3月3日から7日、ニューヨークの国連本部で核兵器禁止条約の 第3回締約国会議(※)が開かれました。日本からは、昨秋ノーベル平和賞を受賞した日本被団協を はじめ、たくさんのNGO団体からメンバーが参加。そのお一人が、GeNuineの徳田悠希さんです。文/やまがなおこ 写真/堂本ひまり
ジェンダーの視点で見るとは?
「今回、本会議と国連軍縮研究所が主催する関連イベントと、2回発言の機会をいただいたんですが、日本の若者団体による、ジェンダーの視点で核被害を捉え直す提言を歓迎する雰囲気に励まされました。実は本会議の予定が急に変更になって、手直ししていた原稿を音読練習もしないで英語でスピーチしたんです。ほんとうに焦りました」 GeNuineは、2023年に徳田さんが友人たちと作った団体です。ジェンダーという社会的・文化的な性差や役割に着目することで、核の問題をより普遍的に、また自分自身にひきつけて理解し、より安全で平和な社会を築くことをめざしています。 会議には、原爆の被害者や支援者、研究者などにインタビューし1年かけてまとめあげた文書を提出。原爆の被害は健康被害だけでなく、経済的打撃や社会的なスティグマなど幅広いものであり、家父長制が根強い日本で多くの女性たちが男性とは異なる困窮や差別にさらされてきたこと、これからの被爆者支援には、意思決定の場から排除されてきた女性や先住民等をも包摂することなどを訴えました。

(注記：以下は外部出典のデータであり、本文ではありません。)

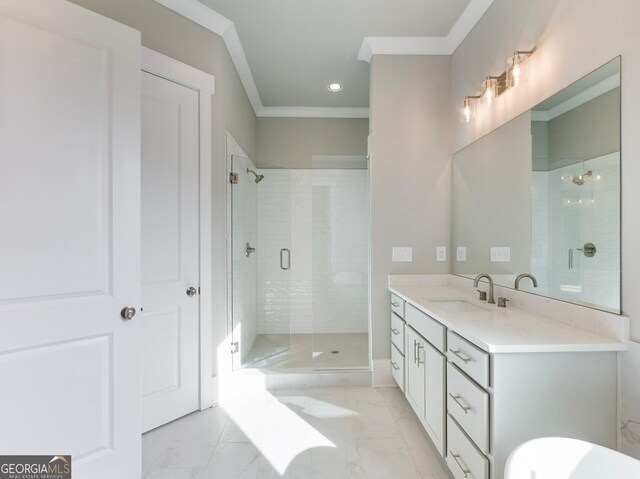 bathroom featuring crown molding, a shower with door, and vanity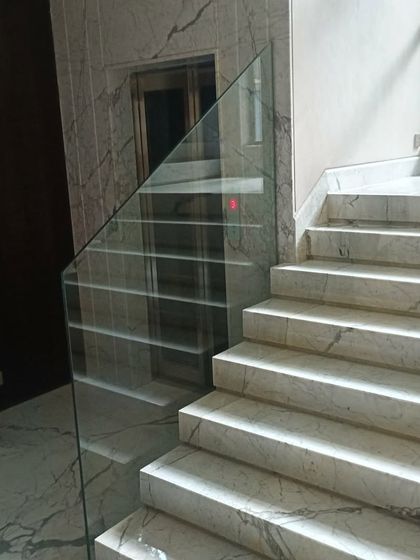 A frameless glass railing for a marble staircase. This minimalist design provides safety without obstructing the view, making the space feel larger and more open.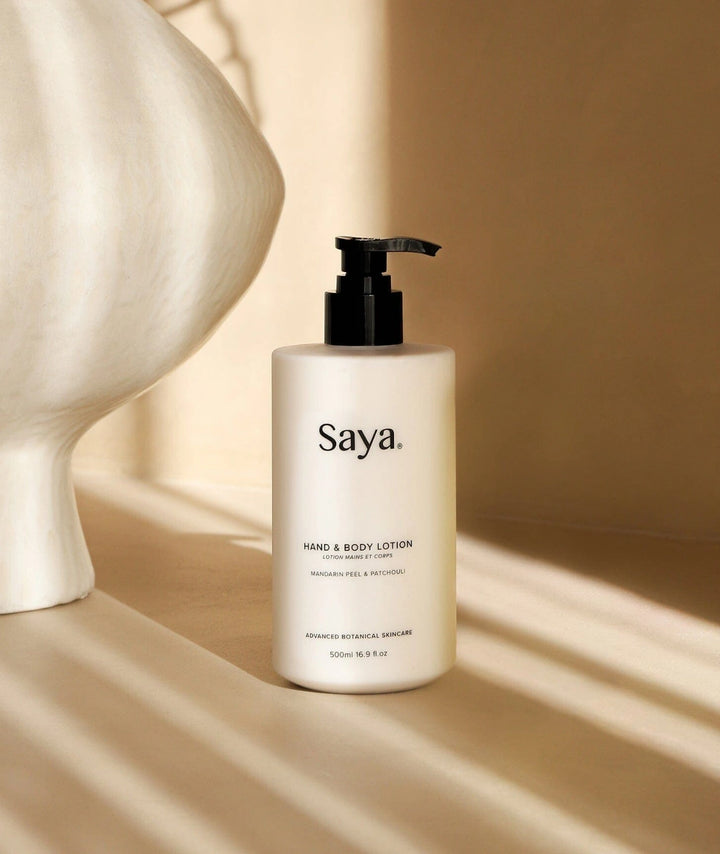 Saya Hand & Body Lotion (Mandarin & Patchouli). Botanical shower essentials in a white pump.
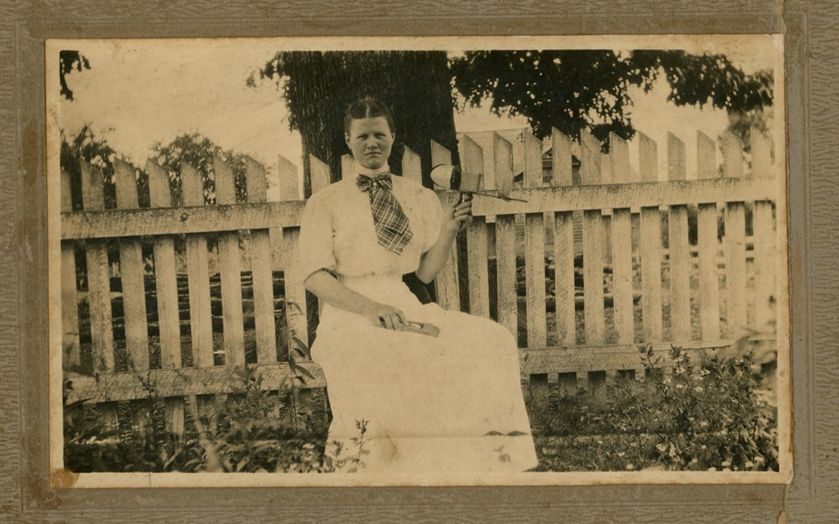 A young woman with her hair pulled back in a white dress and a plaid necktie holds a stereoscope in her left hand. She sits in front of a worn picket fence. Behind the fence, are two trees.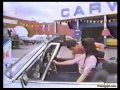 Girl in convertible at the car wash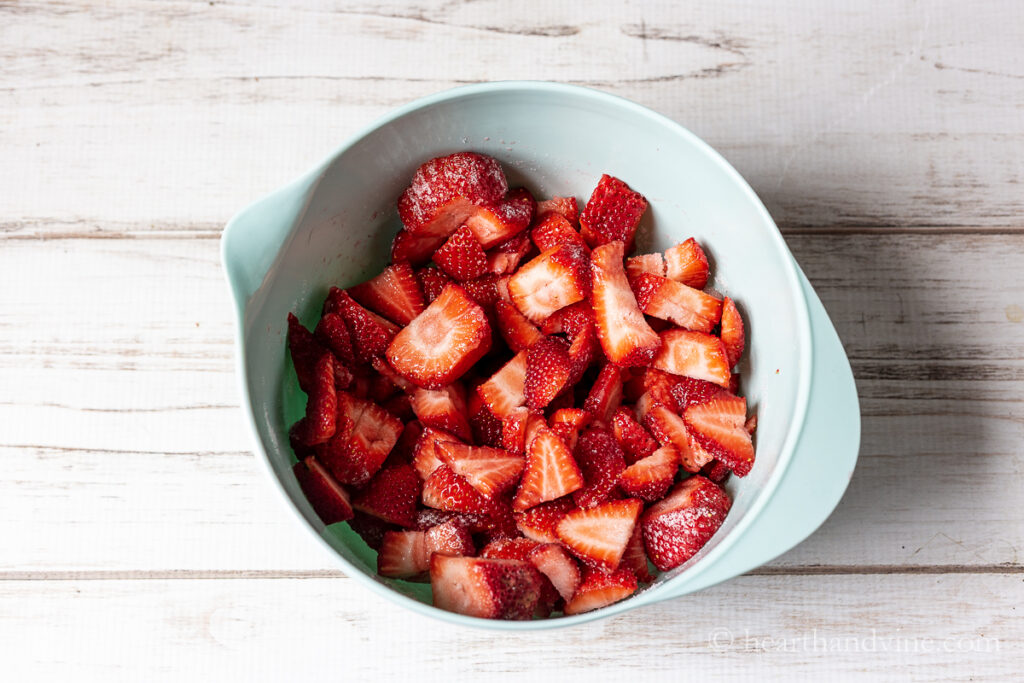 Bowl of sliced fresh strawberries.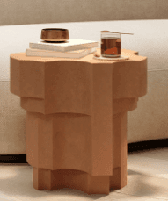 A modern accent table with a stepped, geometric design. The top surface is octagonal with inward curved edges, and the body consists of stacked cylindrical segments that decrease in diameter towards the base, also featuring curved cutouts. The overall form is sculptural and contemporary. — 3D model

市民の立場から核兵器禁止条約第3回締約国会議で発言 (写真提供/GeNuine)
「被爆者の方々が原爆の非人道性を訴えてきたことには大きな意義がありました。でも、核兵器は一瞬にして何十万人もの人の命を奪うから非人道的というのが国際的な捉え方で、これは被害を矮小化していると思うんです。男らしさや強さと結びついて核開発が行われてきたことや、性によって被爆後の困難がどう違うかを分析することで、核兵器の問題をより深く、またジェンダー不平等に直面する若い世代にも訴えることができると感じています」 文献を調べたりインタビューをしたりするなかで、被害の証言は原爆が広島に投下された8月6日、長崎に投下された9日の出来事に集中し、辛くも生き延びたあとのことは、まだまだ言語化されていないと改めて気づかされたといいます。GeNuineでは引き続き調査に取り組むことにしています。
被爆者になるかもしれない未来
ところで、東京出身の徳田さんが核兵器の問題に出会ったのは、中学3年の修学旅行で広島を訪れ、被爆者の証言を聞いたときでした。「そもそも何かの当事者という人のお話を聞いたのが初めてで、どうしてそんなつらい体験を話してくれるのか、そのこと自体にとても衝撃を受けました」。 原爆がもたらした甚大な被害。核兵器の廃絶を訴えるシンボルとして原爆ドームは世界文化遺産に登録され、広島には海外からも観光客が訪れる。にもかかわらず、世界には1万2000発もの核弾頭がある。この時代に生きるということは、みなさんも被爆者になる未来があるかもしれない……。その言葉は徳田さんの胸に響き、でもどうすれば?という悩みとして残りました。 「広島や長崎だと原爆は身近な問題かもしれないのですが、何かしたいと探しても、東京ではなかなかこれという活動に出会えなくて」、高校生のときは国際協力活動などに参加していました。そんな2017年、国連で核兵器禁止条約が採択。核兵器のない世界をつくるために世界中の人々が活動している、でも自分は核問題に取り組めていない。「希望を感じる一方でそのコントラストも強かった」という徳田さんは、大学入学後に、KNOW NUKES TOKYOという若者団体に出会いました。